1. Introduction
Tool wear monitoring (TWM) is important to guarantee the manufacturing process’s quality and efficiency [
1]. The tool wear will affect the product quality, and excessive wear may result in tool damage and the shutdown of the production line, which will cause substantial economic loss. Therefore, developing an effective tool wear condition monitoring method has important practical significance.

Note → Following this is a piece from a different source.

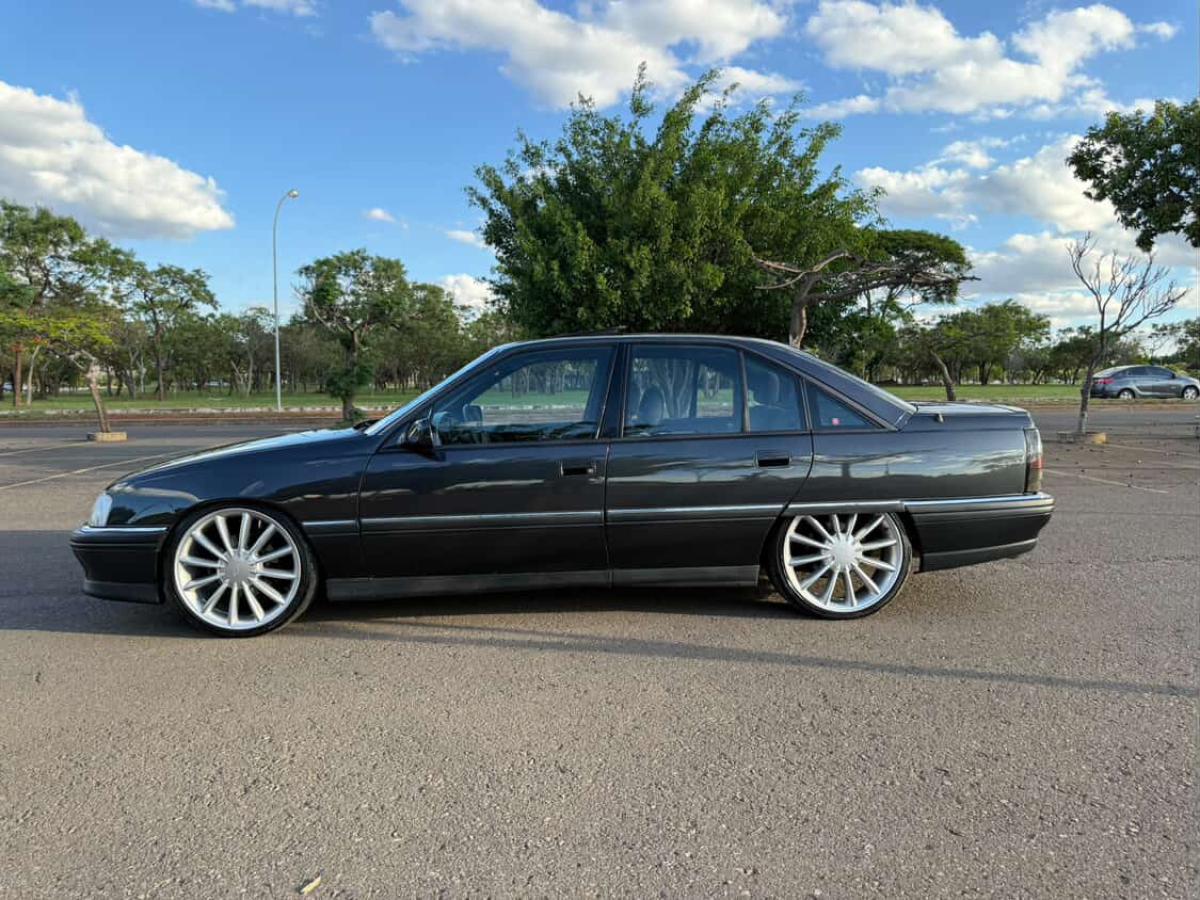 Ômega - Foto #4 do anúncio à venda de Carro clássico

Tool wear monitoring approaches mainly involve conventional and deep learning (DL) approaches. Traditional tool wear monitoring methods mainly rely on hand-designed feature extraction algorithms and machine learning models. Standard features include cutting force, a sound signal, and a vibration signal. Then, the relevant features can be extracted from the original signal using a feature extraction algorithm and classified or regressed by a machine learning algorithm. Shi et al. [
2] presented a tool wear prediction approach integrating least squares support vector machine (LS-SVM) and principal component analysis (PCA) techniques. Gomes et al. [
3] employed the support vector machine (SVM) and vibration and sound signals to monitor tool wear. Chen et al. [
4] presented an SVM-based tool wear prediction approach using the Whale Optimization Algorithm (WOA). Gai et al. [
5] established a WOA-SVM classification model using fusion features to identify tool wear states. The combination of these optimization algorithms and SVMs described above suffers from related shortcomings. Firstly, the performance of SVMs is highly dependent on the correct choice of parameters. Improper parameter selection can lead to overfitting or underfitting of the model. Secondly, SVM models are not very interpretable, and although SVMs can deal with non-linear problems by using non-linear kernel functions, choosing the right kernel function is not always intuitive. This can make the decision-making process of the model difficult to understand for non-technical people. Finally, although related researchers have used a variety of optimization algorithms to improve the training efficiency of SVMs, these optimization algorithms suffer from the shortcomings of falling into local optimums, sensitivity to initial values, and slow convergence. They cannot deal with complex and diverse tool wear states. Moreover, capturing the tool wear state’s dynamic change using a traditional method is challenging due to its limited modeling ability for long-term dependence.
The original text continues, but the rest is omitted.